> Task statement: Would you please give every entry again exactly, without the pictures?
^^^^^^^^
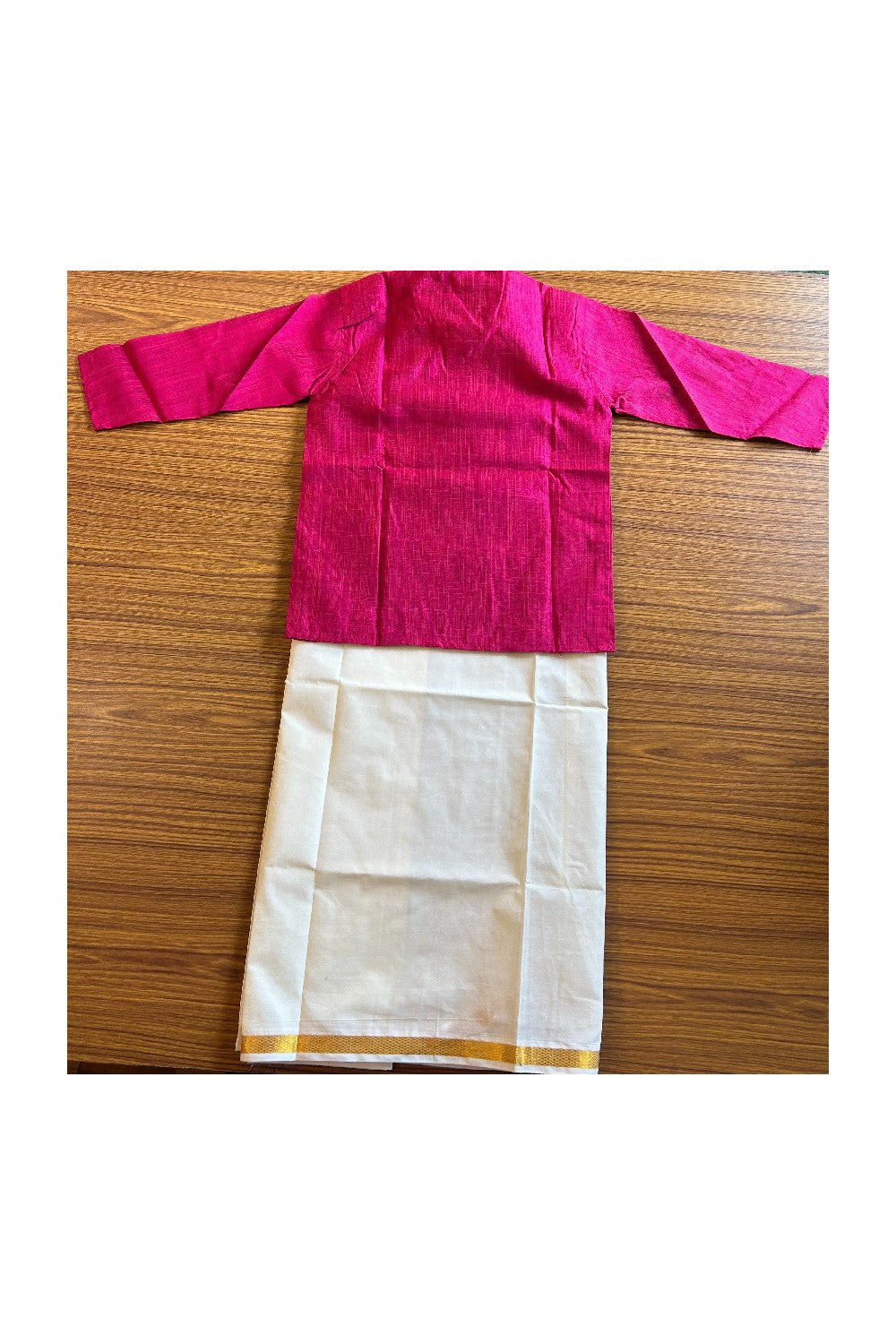 10% DISCOUNT !!! Yuvaraj -Traditional South Indian Kids Cotton kurta & Mund - MAGENTA kurta Off white Kasavu Mund Age 6- 2KK110YUV6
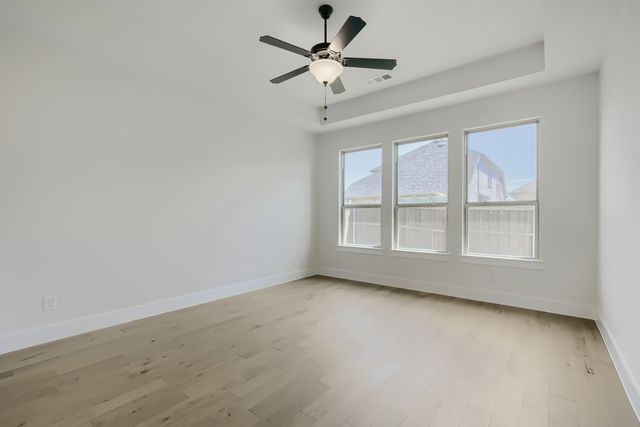 824 Stone Grove Road, Lavon, TX 75166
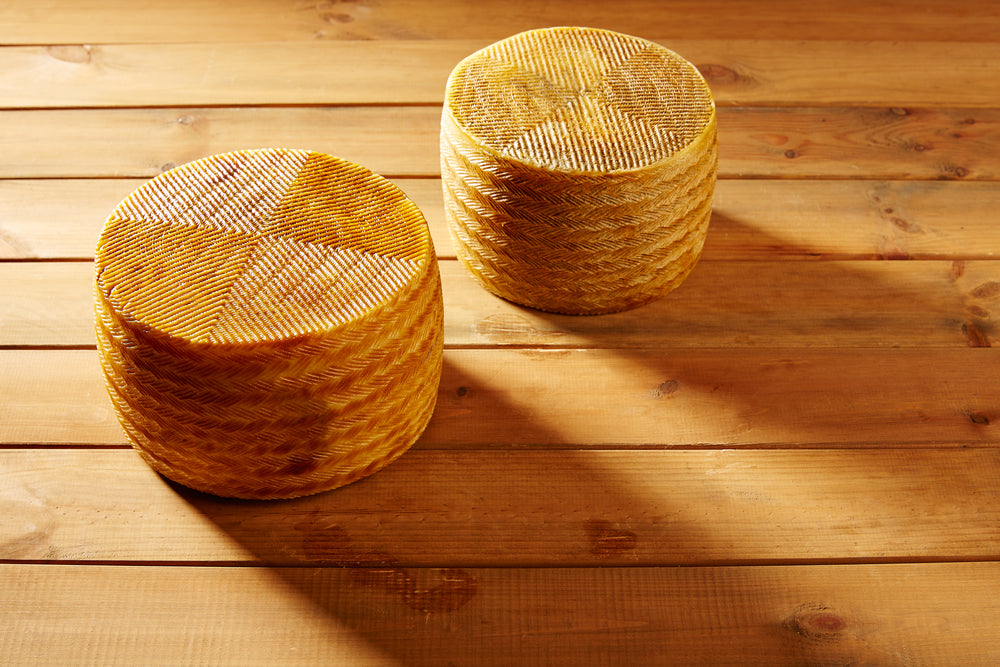 Castillo de Bayren DOP Manchego 3M ( Semicurado )Approx. 3kg  C2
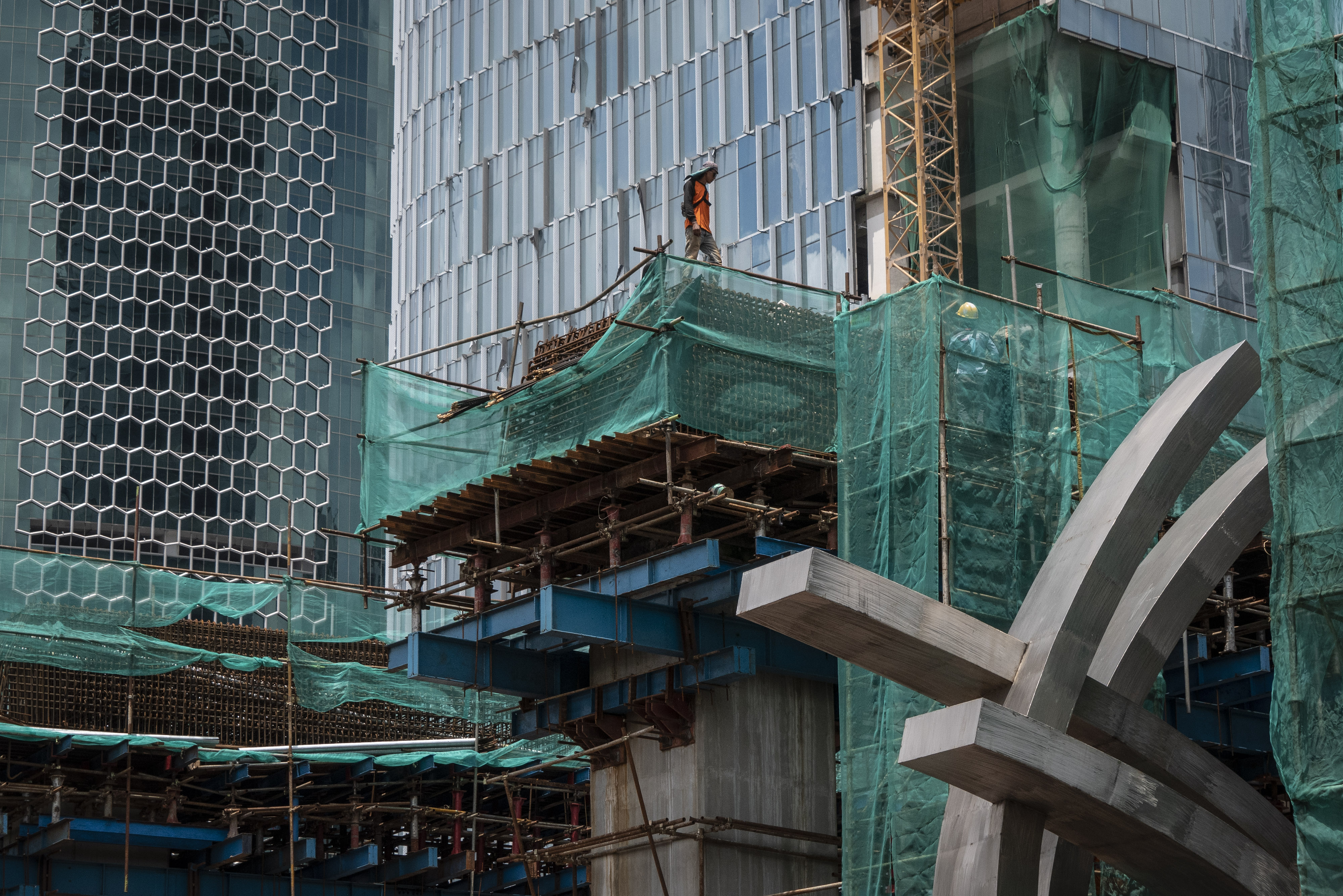 Sejmlah pekerja tengah menyelesaikan pembangunan proyek infrastuktur di kawasan Kuningan, Jakarta. 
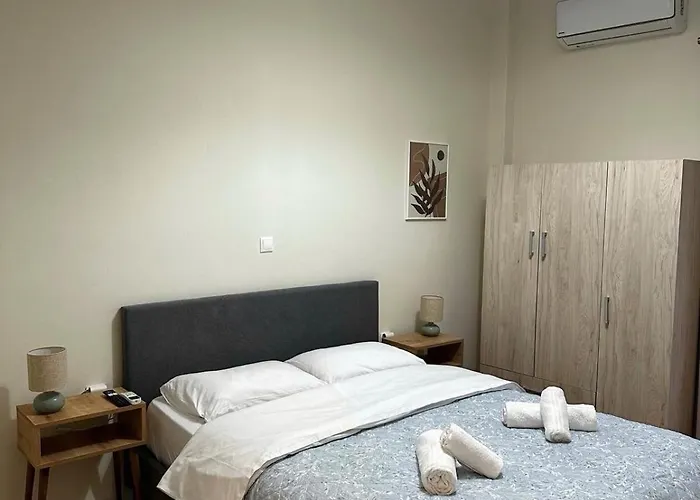 Petralona Modern Apartment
^^^^^^^^
> Written reply:
 10% DISCOUNT !!! Yuvaraj -Traditional South Indian Kids Cotton kurta & Mund - MAGENTA kurta Off white Kasavu Mund Age 6- 2KK110YUV6
 824 Stone Grove Road, Lavon, TX 75166
 Castillo de Bayren DOP Manchego 3M ( Semicurado )Approx. 3kg  C2
 Sejmlah pekerja tengah menyelesaikan pembangunan proyek infrastuktur di kawasan Kuningan, Jakarta. 
 Petralona Modern Apartment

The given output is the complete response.